The copy should begin at the line containing "guia_acompaamiento_mayores.pdf" and end at the last line of the material. Please reproduce those lines exactly and keep pictures out.

━━━━━ Dataset extract

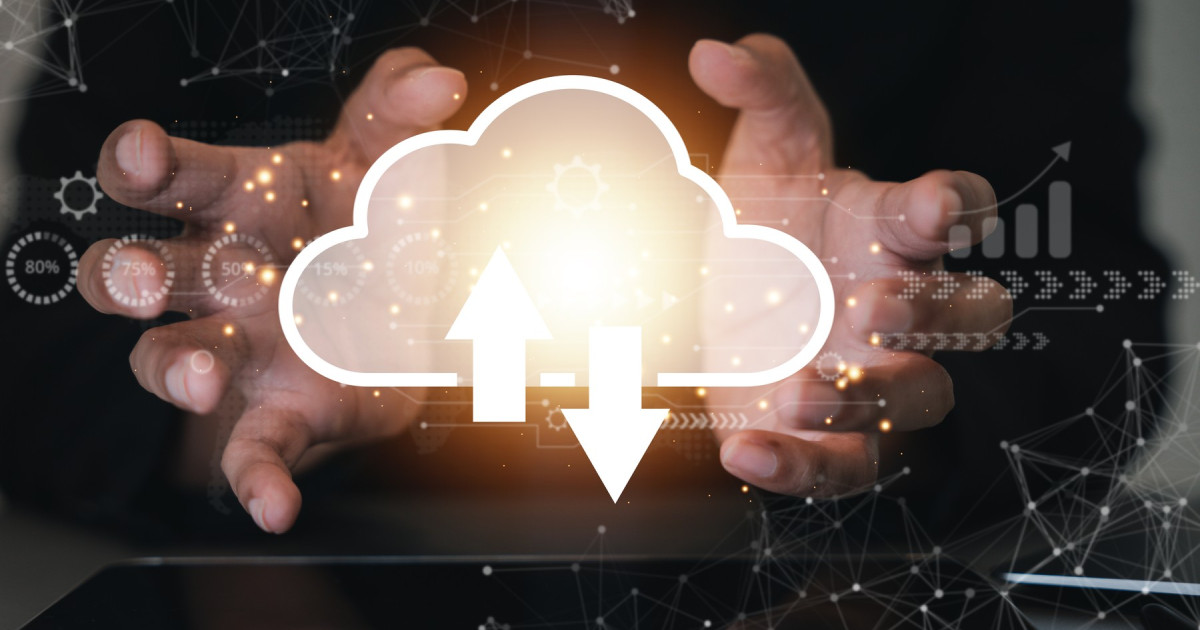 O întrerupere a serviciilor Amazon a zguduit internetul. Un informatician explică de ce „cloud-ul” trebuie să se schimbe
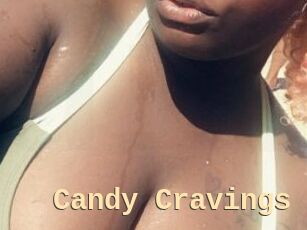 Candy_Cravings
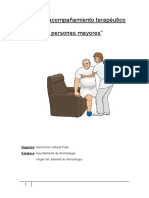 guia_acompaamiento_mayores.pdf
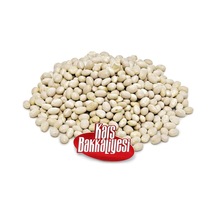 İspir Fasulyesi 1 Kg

━━━━━━━━━━

Reply to the task →
 guia_acompaamiento_mayores.pdf
 İspir Fasulyesi 1 Kg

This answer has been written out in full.